Spark is an excellent tool for iterative processing of large datasets. One way Spark is suited for this type of processing is through its Resilient Distributed Dataset (RDD). In the paper titled Resilient Distributed Datasets: A Fault-Tolerant Abstraction for In-Memory Cluster Computing, RDDs are described as “…fault-tolerant, parallel data structures that let users explicitly persist intermediate results in memory, control their partitioning to optimize data placement, and manipulate them using a rich set of operators.” By using RDDs,  programmers can pin their large data sets to memory, thereby supporting high-performance, iterative processing. Compared to reading a large data set from disk for every processing iteration, the in-memory solution is obviously much faster.

The diagram below shows a simple example of using Spark to read input data from HDFS, perform a series of iterative operations against that data using RDDs, and write the subsequent output back to HDFS.


In the case of the first map operation into RDD(1), not all of the data could fit within the memory space allowed for RDDs. In such a case, the programmer is able to specify what should happen to the data that doesn’t fit. The options include spilling the computed data to disk and recreating it upon read. We can see in this example how each processing iteration is able to leverage memory for the reading and writing of its data. This method of leveraging memory is likely to be 100X faster than other methods that rely purely on disk storage for intermittent results.

Apache Spark at eBay

Today Spark is most commonly leveraged at eBay through Hadoop via Yarn. Yarn manages the Hadoop cluster’s resources and allows Hadoop to extend beyond traditional map and reduce jobs by employing Yarn containers to run generic tasks. Through the Hadoop Yarn framework, eBay’s Spark users are able to leverage clusters approaching the range of 2000 nodes, 100TB of RAM, and 20,000 cores.

The following example illustrates Spark on Hadoop via Yarn.


The user submits the Spark job to Hadoop. The Spark application master starts within a single Yarn container, then begins working with the Yarn resource manager to spawn Spark executors – as many as the user requested. These Spark executors will run the Spark application using the specified amount of memory and number of CPU cores. In this case, the Spark application is able to read and write to the cluster’s data residing in HDFS. This model of running Spark on Hadoop illustrates Hadoop’s growing ability to provide a singular, foundational platform for data processing over shared data.

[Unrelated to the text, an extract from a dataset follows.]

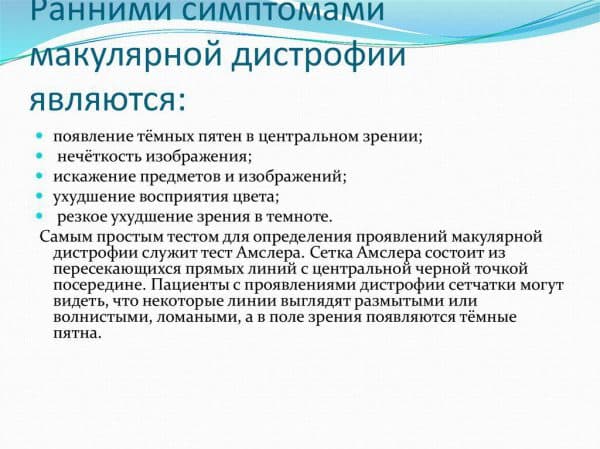 Макулодистрофія Сітківки Ока Лікування Народними Засобами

The eBay analyst community includes a strong contingent of Scala users. Accordingly, many of eBay’s Spark users are writing their jobs in Scala. These jobs are supporting discovery through interrogation of complex data, data modelling, and data scoring, among other use cases. Below is a code snippet from a Spark Scala application. This application uses Spark’s machine learning library, MLlib, to cluster eBay’s sellers via KMeans. The seller attribute data is stored in HDFS.

 * read input files and turn into usable records
 var table = new SellerMetric()
 val model_data = sc.sequenceFile[Text,Text](
   v => parseRecord(v._2,table)
   v => v != null


 * build training data set from sample and summary data
 val train_data = sample_data.map( v =>
     i => zscore(v._2(i),sample_mean(i),sample_stddev(i))

 * train the model
 val model = KMeans.train(train_data,CLUSTERS,ITERATIONS)
 * score the data
 val results = grouped_model_data.map( 
   v => (
         i => zscore(v._2(i),sample_mean(i),sample_stddev(i))

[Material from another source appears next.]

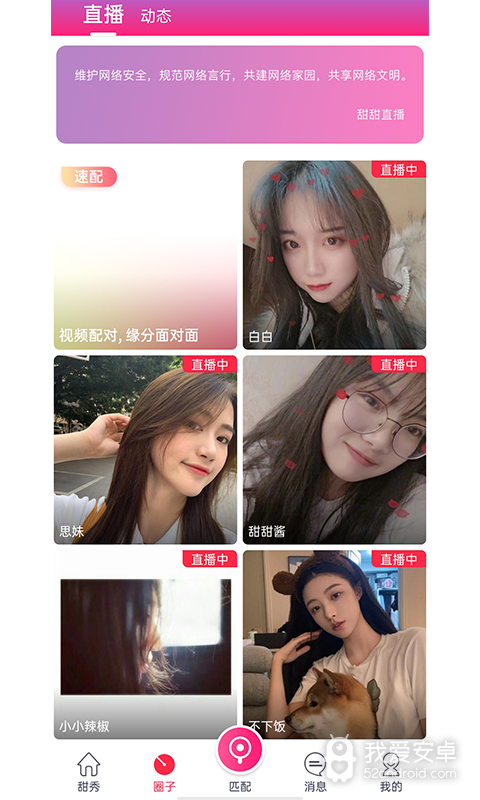 甜甜直播免会员登录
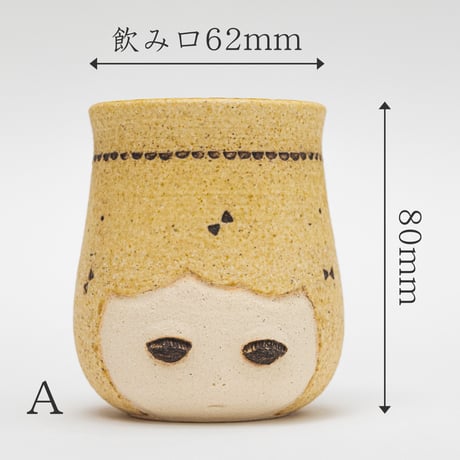 谷村仁美 陶作品「カップ・女の子」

In addition to  Spark Scala users, several folks at eBay have begun using Spark with Shark to accelerate their Hadoop SQL performance. Many of these Shark queries are easily running 5X faster than their Hive counterparts. While Spark at eBay is still in its early stages, usage is in the midst of expanding from experimental to everyday as the number of Spark users at eBay continues to accelerate.

The Future of Spark at eBay

Spark is helping eBay create value from its data, and so the future is bright for Spark at eBay. Our Hadoop platform team has started gearing up to formally support Spark on Hadoop. Additionally, we’re keeping our eyes on how Hadoop continues to evolve in its support for frameworks like Spark, how the community is able to use Spark to create value from data, and how companies like Hortonworks and Cloudera are incorporating Spark into their portfolios. Some groups within eBay are looking at spinning up their own Spark clusters outside of Hadoop. These clusters would either leverage more specialized hardware or be application-specific. Other folks are working on incorporating eBay’s already strong data platform language extensions into the Spark model to make it even easier to leverage eBay’s data within Spark. In the meantime, we will continue to see adoption of Spark increase at eBay. This adoption will be driven by chats in the hall, newsletter blurbs, product announcements, industry chatter, and Spark’s own strengths and capabilities.

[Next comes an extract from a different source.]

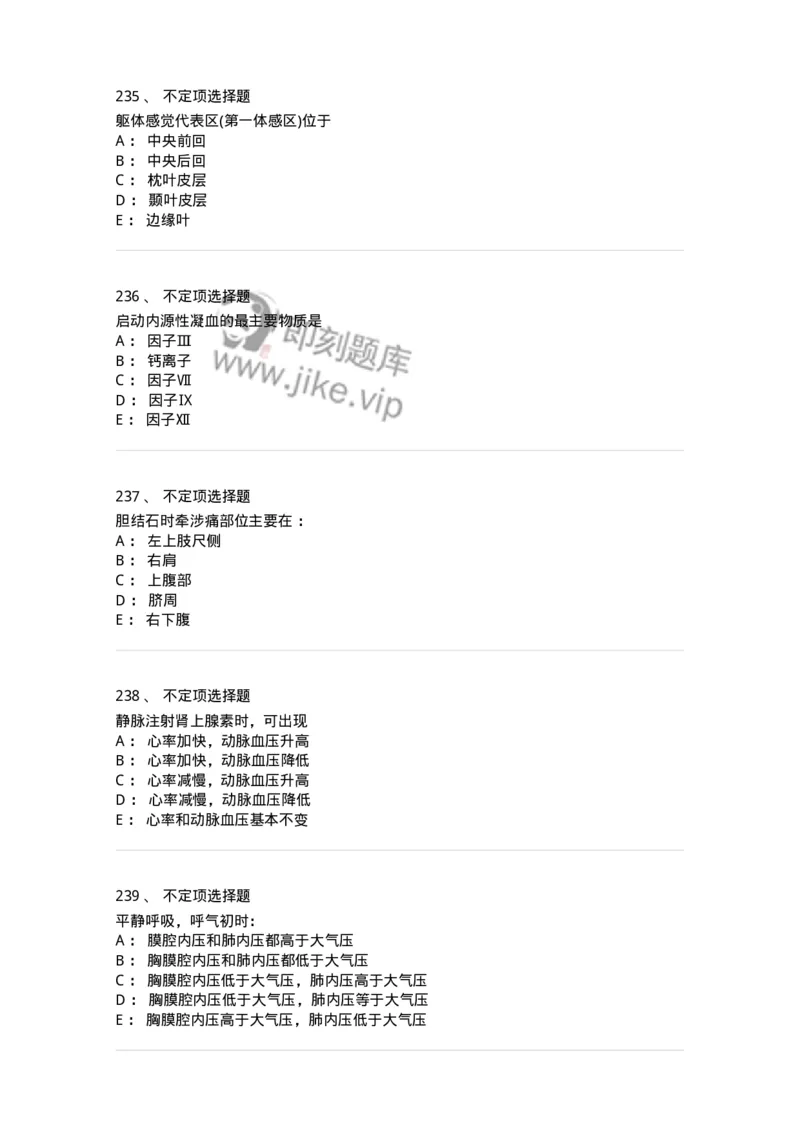 201-生理学-137738_军队文职(1)_01.军队文职真题-专业课_（全）版本一（历年真题+章节练习+模拟题）_医学类基础综合(军队文职)_章节练习_纯题目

In part I of this post we laid out in detail how to run a large Jenkins CI farm in Mesos. In this post we explore running the builds inside Docker containers and more:

  • Explain the motivation for using Docker containers for builds.
  • Show how to handle the case where the build itself is a Docker build.
  • Peek into how the Mesos 0.19 release is going to change Docker integration.
  • Walk through a Vagrant all-in-one-box setup so you can try things out.


Jenkins follows the master-slave model and is capable of launching tasks as remote Java processes on Mesos slave machines. Mesos is a cluster manager that provides efficient resource isolation and sharing across distributed applications or frameworks. We can leverage the capabilities of Jenkins and Mesos to run a Jenkins slave process within a Docker container using Mesos as the resource manager.

Why use Docker containers?

This page gives a good picture of what Docker is all about.

At eBay Inc., we have several different build clusters. They are primarily partitioned due to a number of factors:  requirements to run different OS flavors (mostly RHEL and Ubuntu), software version conflicts, associated application dependencies, and special hardware. When using Mesos, we try to operate on a single cluster with heteregeneous workloads instead of having specialized clusters. Docker provides a good solution to isolate the different dependencies inside the container irrespective of the host setup where the Mesos slave is running, thereby helping us operate on a single cluster. Special hardware requirements can always be handled though slave attributes that the Jenkins plugin already supports. Overall, then, this setup scheme helps maintain consistent host images in the cluster, avoids having to introduce a wide combination of different flavors of Mesos slave hosts running, yet handles all the varied build dependencies within a container.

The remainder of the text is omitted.